Among the lines below, output only those between the line holding "Chromo 1932 liebig" and the line holding "狗狗犯错了，不是去打，而是要正确的引导和教育", inclusive, exactly as written and with no pictures.

• _GIVEN RECORDS_
########################################

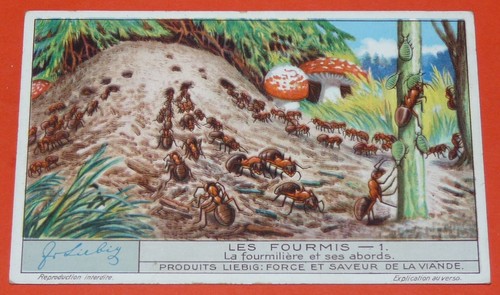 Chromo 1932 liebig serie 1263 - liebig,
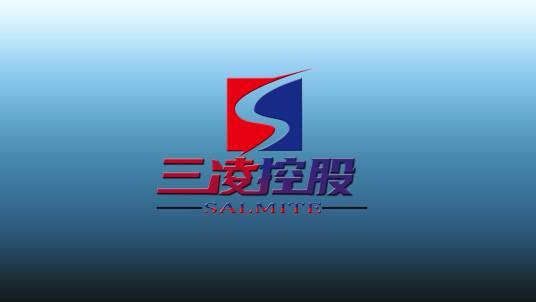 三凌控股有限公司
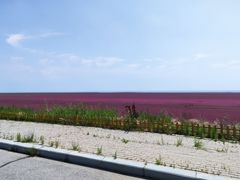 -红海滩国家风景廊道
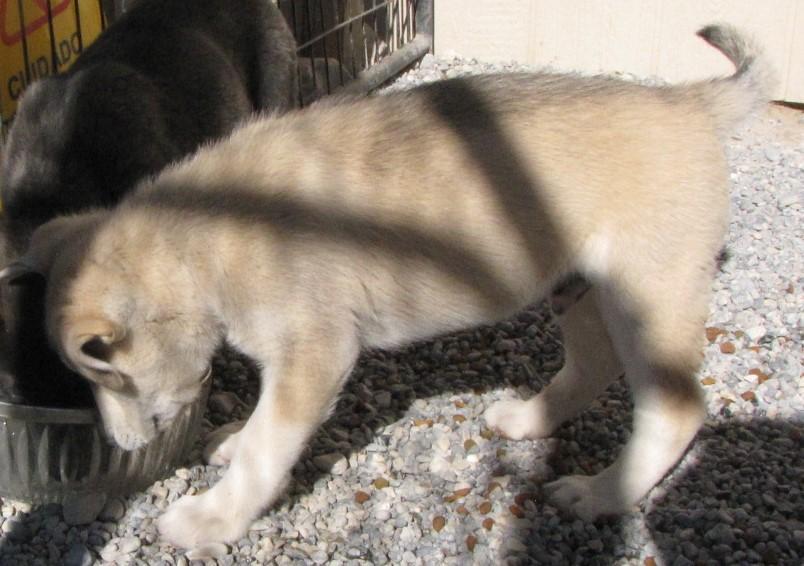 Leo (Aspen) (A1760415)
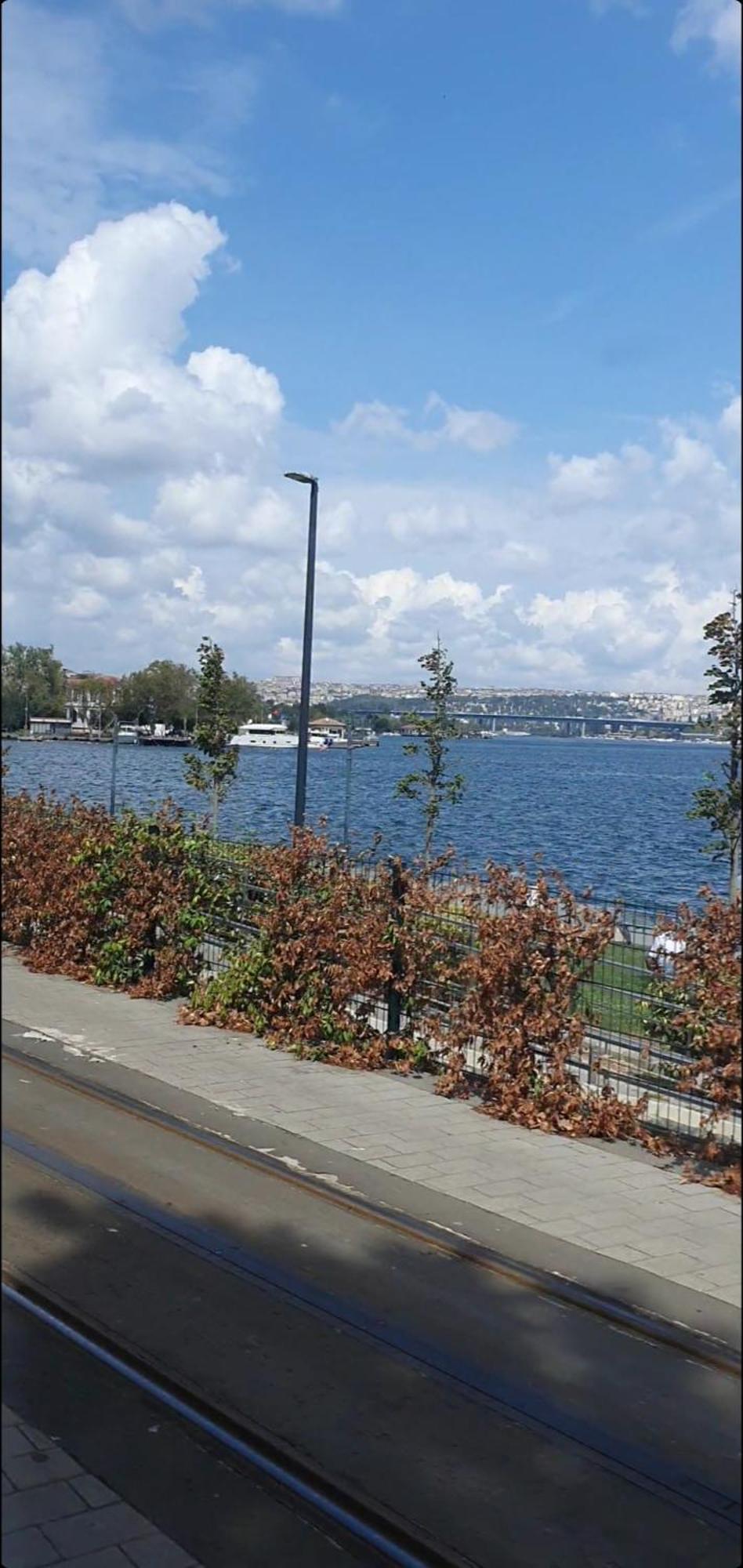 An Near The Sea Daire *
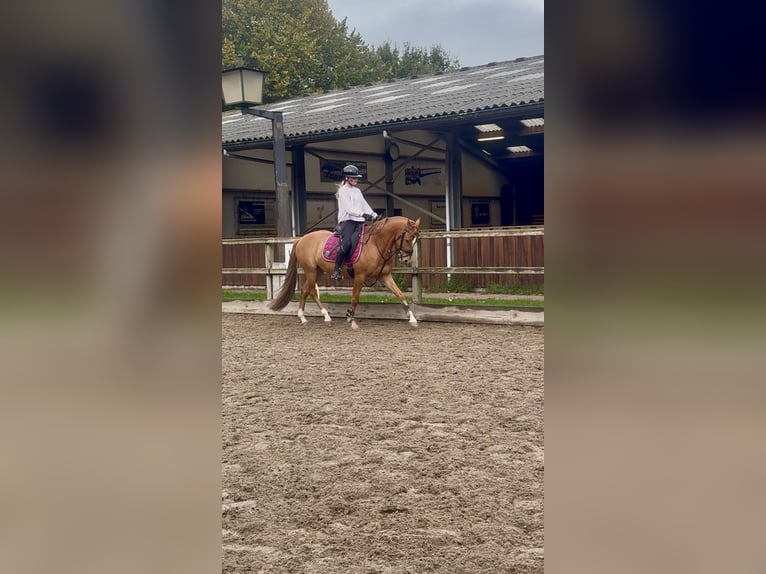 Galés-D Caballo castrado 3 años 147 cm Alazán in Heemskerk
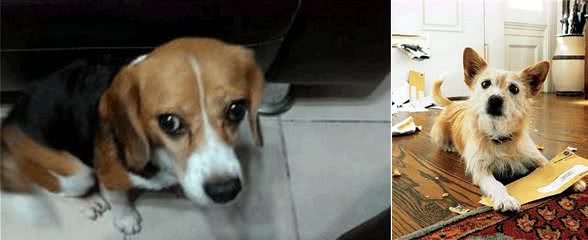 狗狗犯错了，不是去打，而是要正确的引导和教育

########################################

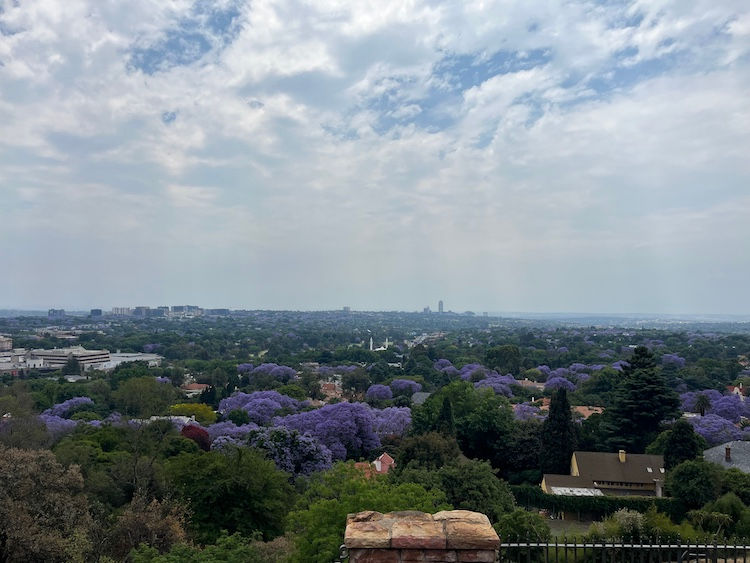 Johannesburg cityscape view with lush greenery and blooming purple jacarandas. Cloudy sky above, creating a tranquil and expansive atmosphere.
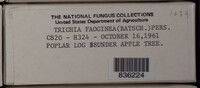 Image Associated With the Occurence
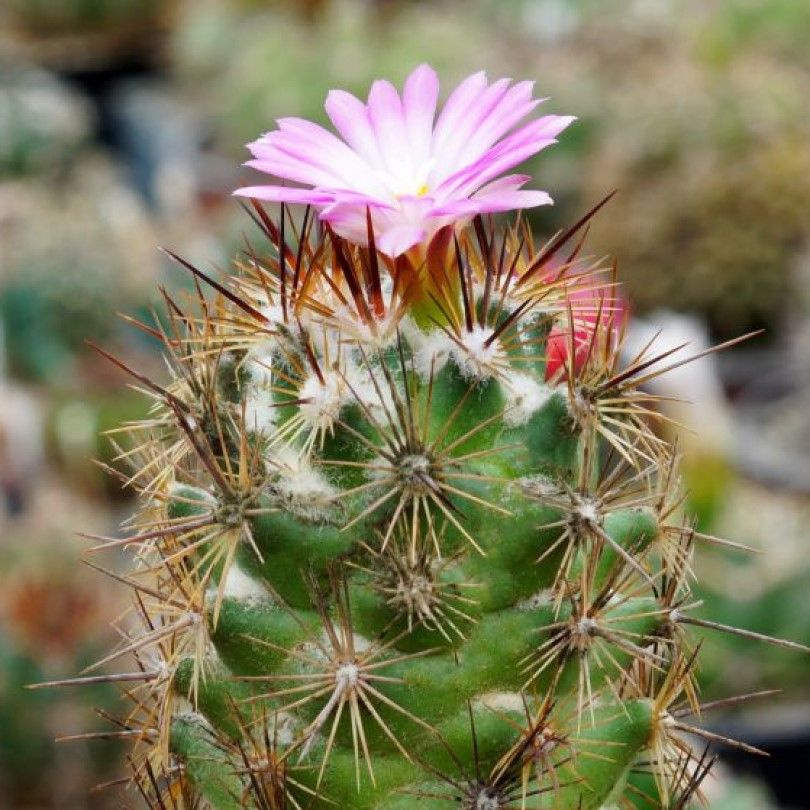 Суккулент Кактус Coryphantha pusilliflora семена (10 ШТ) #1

########################################

• _WRITTEN ANSWER_
 Chromo 1932 liebig serie 1263 - liebig,
 三凌控股有限公司
 -红海滩国家风景廊道
 Leo (Aspen) (A1760415)
 An Near The Sea Daire *
 Galés-D Caballo castrado 3 años 147 cm Alazán in Heemskerk
 狗狗犯错了，不是去打，而是要正确的引导和教育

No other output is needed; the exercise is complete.